Highfields State School is a government primary (Prep-6) school for boys and girls at 10459 New England Highway. In 2018, the school had an enrolment of 730 students with 56 teachers (50 full-time equivalent) and 32 non-teaching staff (22 full-time equivalent). It includes a special education program.

Toowoomba Christian College is a private primary and secondary (Prep-12) school for boys and girls at 10852 New England Highway. In 2018, the school had an enrolment of 697 students with 47 teachers (44 full-time equivalent) and 37 non-teaching staff (29 full-time equivalent).
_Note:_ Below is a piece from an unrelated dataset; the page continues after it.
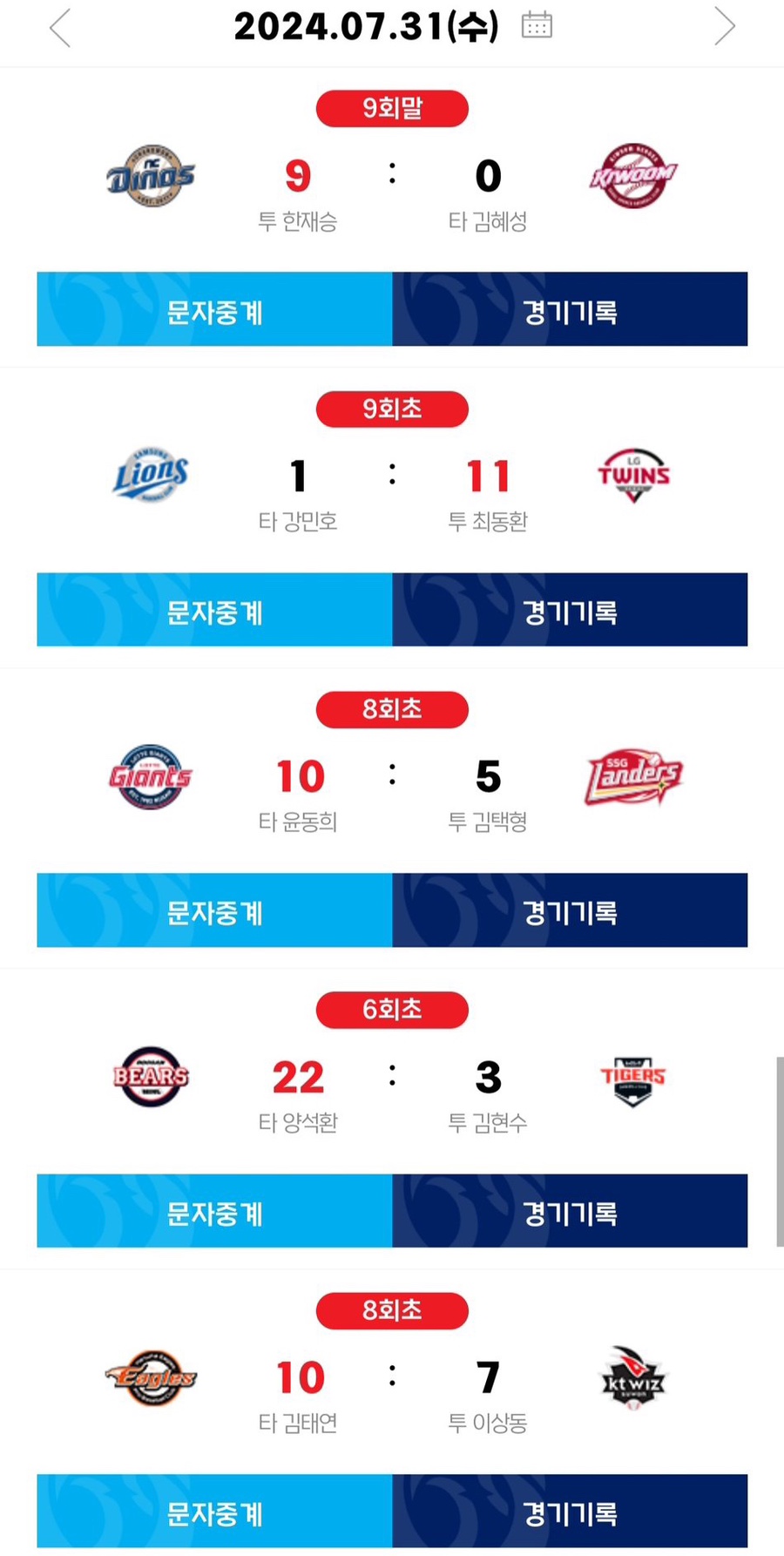 더치치 이미지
Mary MacKillop Catholic College is a Catholic primary and secondary (Prep-9) school for boys and girls at 75 Highfields Road. In 2018, the school had an enrolment of 696 students with 51 teachers (46 full-time equivalent) and 38 non-teaching staff (28 full-time equivalent).

Highfields State Secondary College is a government secondary (7-12) school for boys and girls at 10 O'Brien Road. In 2018, the school had an enrolment of 810 students with 66 teachers (64 full-time equivalent) and 35 non-teaching staff (26 full-time equivalent). It includes a special education program.

==Amenities==
The Cultural Centre is a large venue for conferences and performances. Also located at the Centre is an outdoor public swimming complex with a large indoor arena holding two volleyball and basketball courts and a gym. Just outside this is the Highfields Library at Community Court; the library is operated by the Toowoomba Regional Council and is open seven days. On the other side of the Cultural Centre is a skate park.
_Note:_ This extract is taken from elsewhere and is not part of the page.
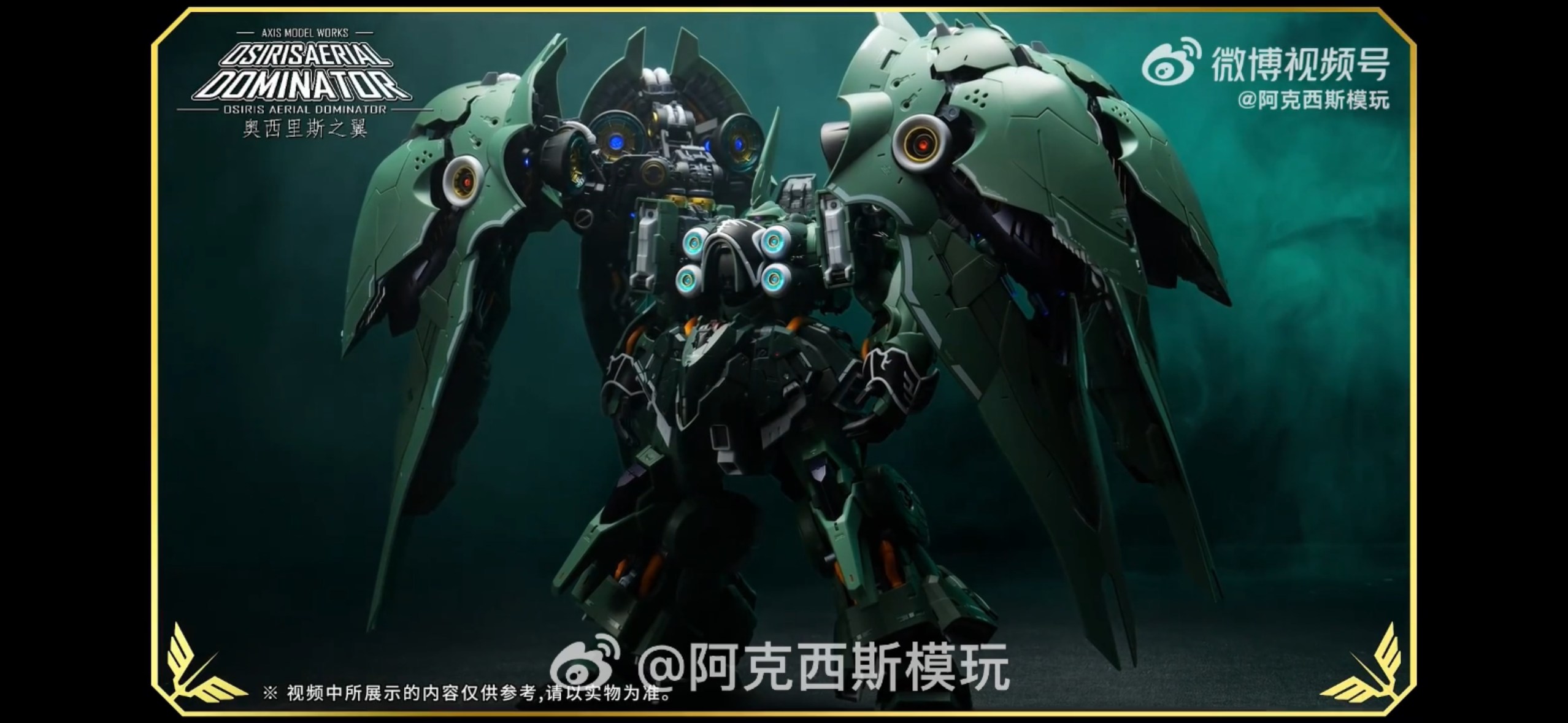 โมจีน j680914002 1/100 Osiris Aerial dominator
The Highfields Sport & Recreation Park opened in 2019, which includes a number of netball courts, multi-use sporting fields, and tennis courts; amenities, picnic areas, and 150 additional car parking spaces.
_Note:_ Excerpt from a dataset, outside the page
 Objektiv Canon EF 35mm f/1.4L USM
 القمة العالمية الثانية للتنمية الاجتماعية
A shopping centre called Highfields Village was developed and opened in 2003 that contains a number of community stores, including a hardware store, a baker and a supermarket. A tavern was also opened at the site in 2003. The centre also contains a pizza store, a post office, a bank and a hairdressing salon. In addition to the Highfields Village shopping centre, the Plaza shopping centre was recently redeveloped (2007). It now has a supermarket, newsagency, numerous banks, takeaways and a hair dresser. Also serving the community are a small bundle of shops found on the turn off from the New England Highway to Highfields Road, amongst them include a bakery, a delicatessen, a hairdressers, a real estate agency and an auto parts shop.

The Highfields branch of the Queensland Country Women's Association meets at 2/10498 New England Highway.